One other problem that we have is that our propeller is spinning the wrong way, so the air is being blown in the wrong direction. One possible solution to this might be to just be to attach the 11.1 volt LiPO battery backwards to the ESC, so that the power wire from the battery is attached to the ground wire from the ESC, and the ground wire from the battery to the power wire from the ESC. We have not tested this yet, so we do not know if this will work or not.
Also, we need to find a better way to connect the LiPO battery to the ESC, because we do not have the correct connectors, and we have been using two different alligator clips to attach to the battery and then we have just two regular wires connecting the ground and power from the ESC to the alligator clips coming from the battery. Using this methods we have witnessed several sparks and what looks like a few burn marks on the ESC connector. Also, it is hard to keep the circuit complete because the wires can easily separate from the connector.
The next step is to get the propeller spinning the correct direction and to connect the housing to the hovercraft with the motor on it, then to just test the whole thing since the arduino can just have a 9 volt battery powering it so that it doesn't have to be attached to the computer.

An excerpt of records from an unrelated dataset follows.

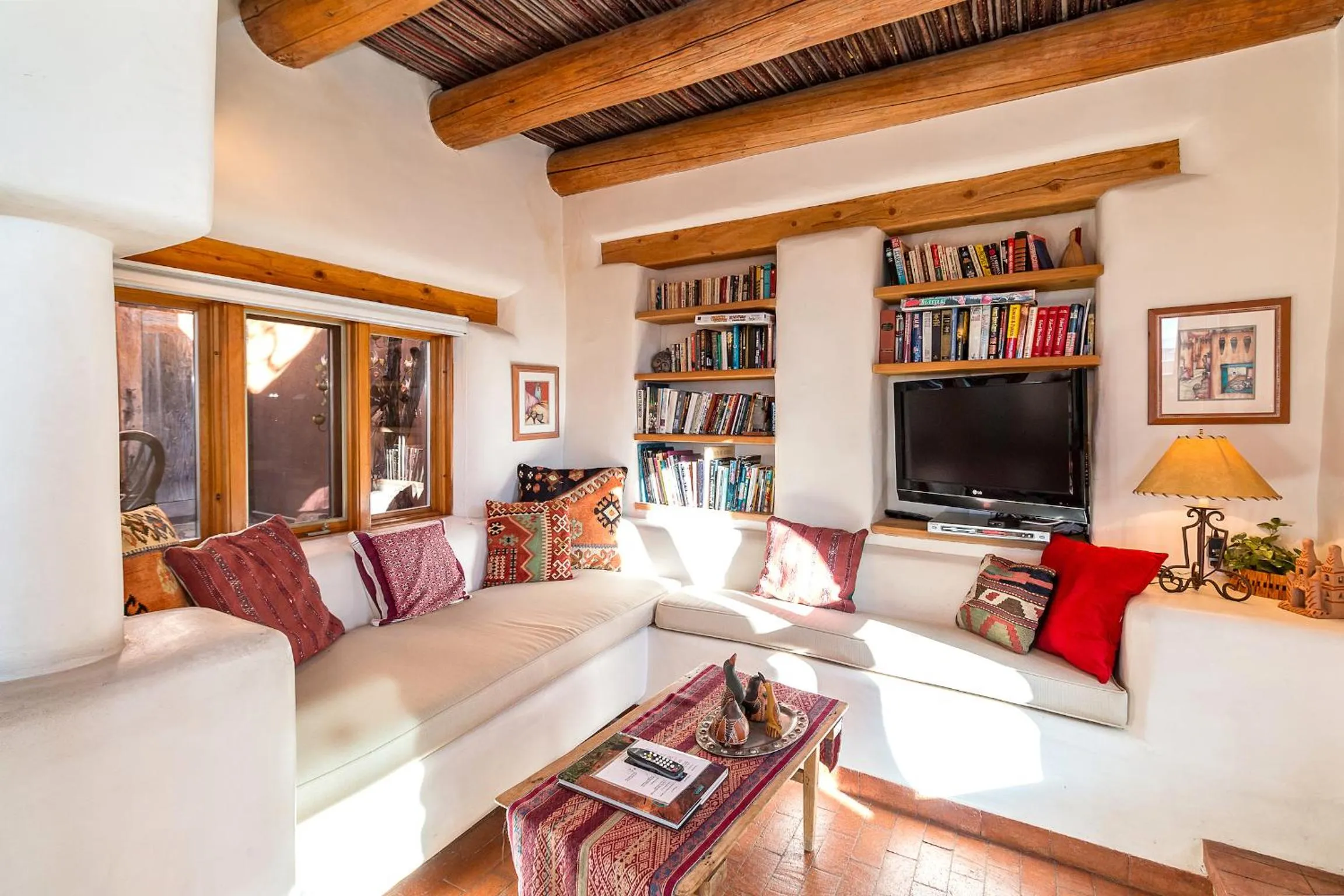 City Views at Alma Compound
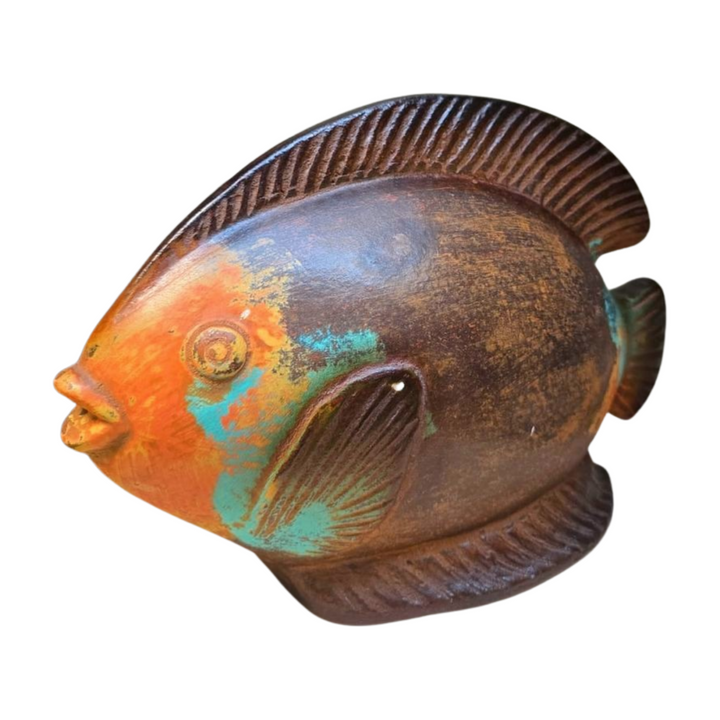 Le Pescado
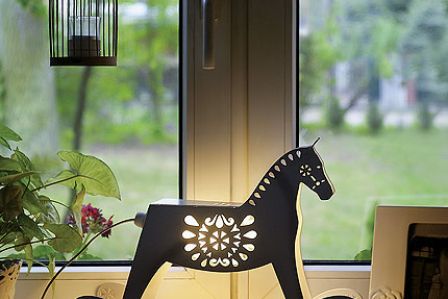 PaTaTaj - 290 zł. LASKOWSCY DESIGN. Wycinanki, koronki, arabeski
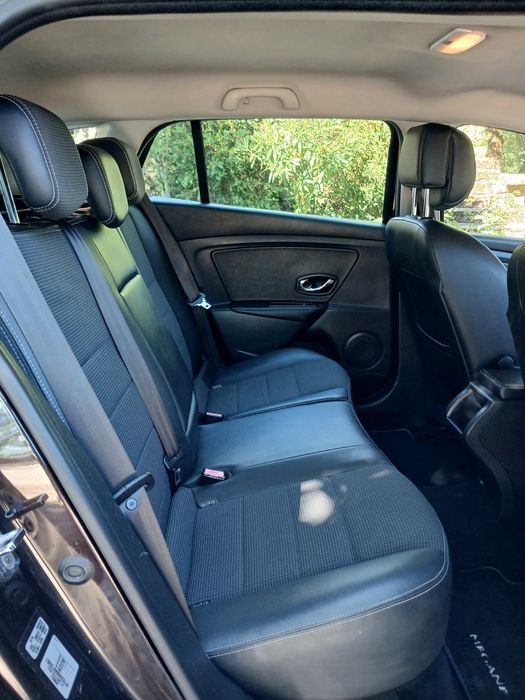 Renault Megane 1.5 DCi GT Line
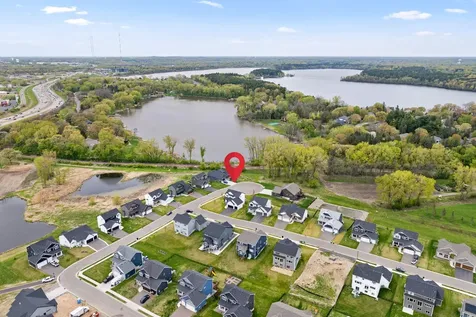 429 Collova Drive Vadnais Heights MN 55127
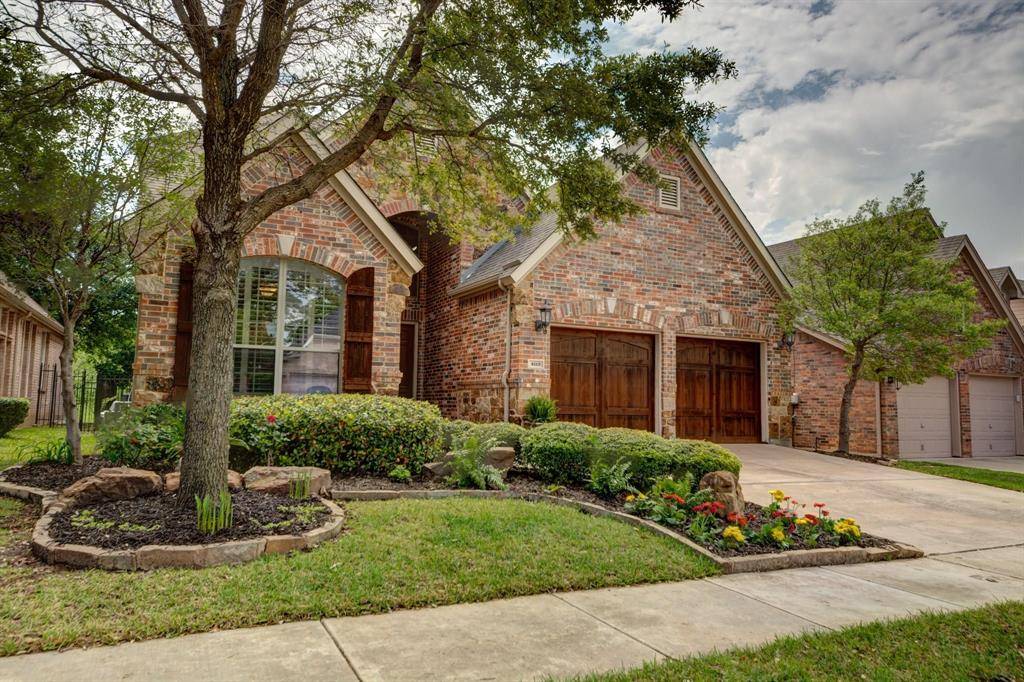 Bedford, TX 76021,4113 Parkview Court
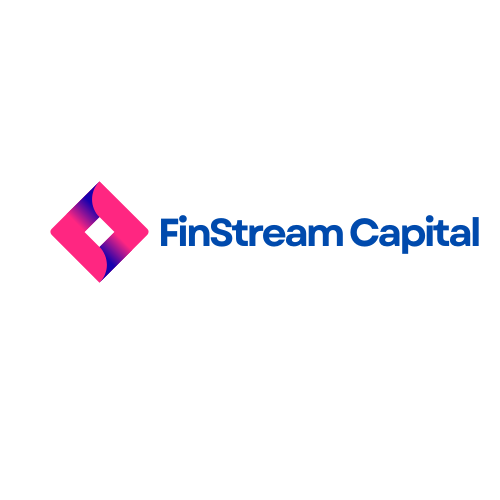 FinStream Capital logo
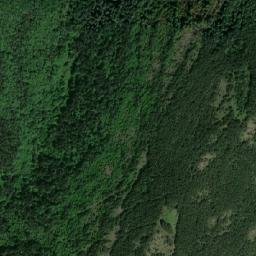 Satellite imagery of Sivri Tepe, BG
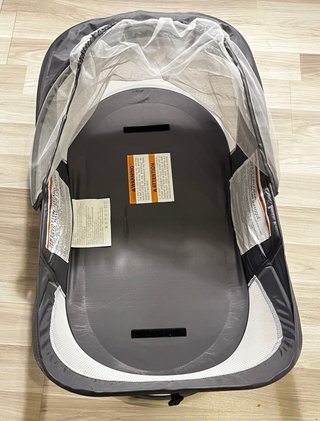 Moisés Cuna Viaje Bebé Plegable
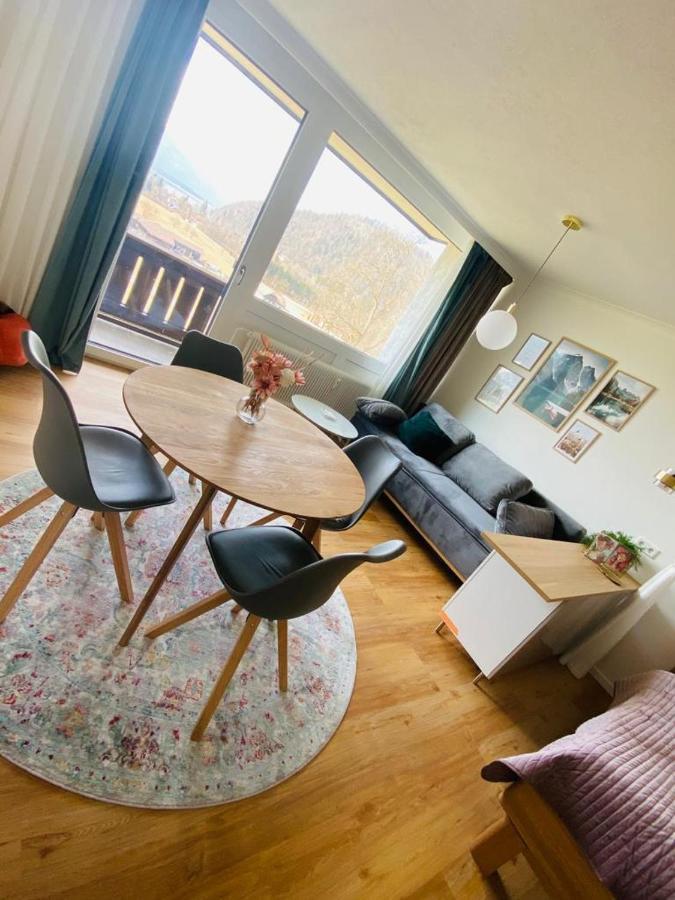 Apartment Wolfgangsee Seeblickplatzl 220 - Mit Tollem Seeblick!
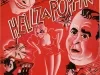 Program, Theater - Olsen and Johnson Present Hellzapoppin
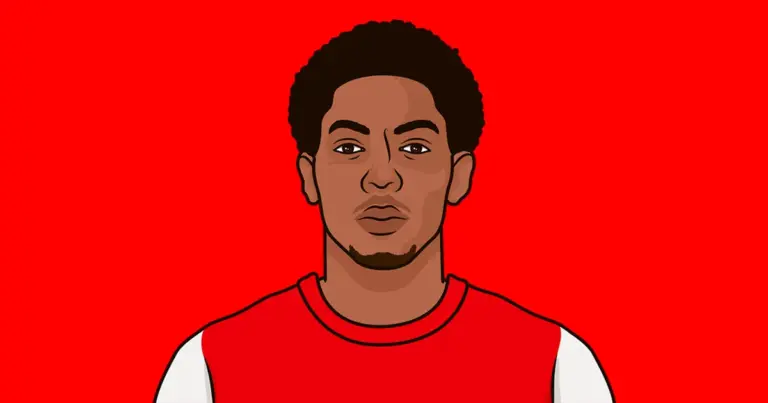 Arsenal vs Tottenham: North London Derby Ends 5-2
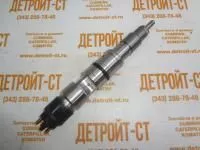 Топливная форсунка Deutz 04902525 (0445120138, 0445120139, 0986435536, 21006084, 04902525, 7421006073, 7421006084) фото запчасти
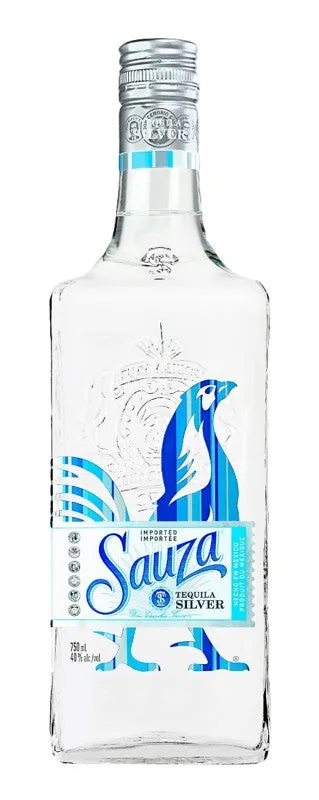 Sauza 901 Silver 750 ml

And after we see that everything is working, the step after that would be to get the remote control from the RC cars to replace the potentiometer so that we can change the speed of the motor remotely.
Decision List[edit | edit source]
-Use the 11.1 lipo battery over the tenergy 9.6v 3800mah and 8.4v battery.
-Remove small DC motor and airsoft ics turbo 3000 motor and replace with a brushless motor
-Instead of finding a new propeller, we made a structure out of balsa wood for it so that the propeller would not touch the ground while it is spinning.
Material List[edit | edit source]
-rectangle of Styrofoam for our base
-the plastic that came wrapped around the piece of Styrofoam.
-duct tape for the skirt around the edges and bottom of the craft
-epoxy glue to glue down the fans
-wire, to attach the motors to power sources.
-remote controlled car controller and receiver.
-2 dc fan motors
-ics turbo 3000 motor
-tenergy 11.1v lipo
-tenergy 9.6v 3800MAH battery
-pinion gear remover
-model airplane propeller for propulsion
Software List[edit | edit source]
Arduino software for controlling the ESC(Electronic speed controller).
logview software for recharging the battery http://www.logview.info/cms/e_logview_info.phtml
Time[edit | edit source]
On average, we each spent about an hour working on the project inside of class. And we each spent about an hour to an hour and a half each week working on the project outside of class. This comes to a total of about three and a half hours working on the project each week per person.
Tutorials[edit | edit source]
The get the ESC working with the arduino board, look at week 3 and week 4 of this page http://en.wikiversity.org/wiki/User:Drew_Dollas/enes100/Glorious3
Next Steps[edit | edit source]
To get the motor mounted onto the hovercraft, and to have the RC car remote be able to remotely change the speed of the fan. Also, some kind of a rudder system would be a good addition so that the hovercraft will be able to turn.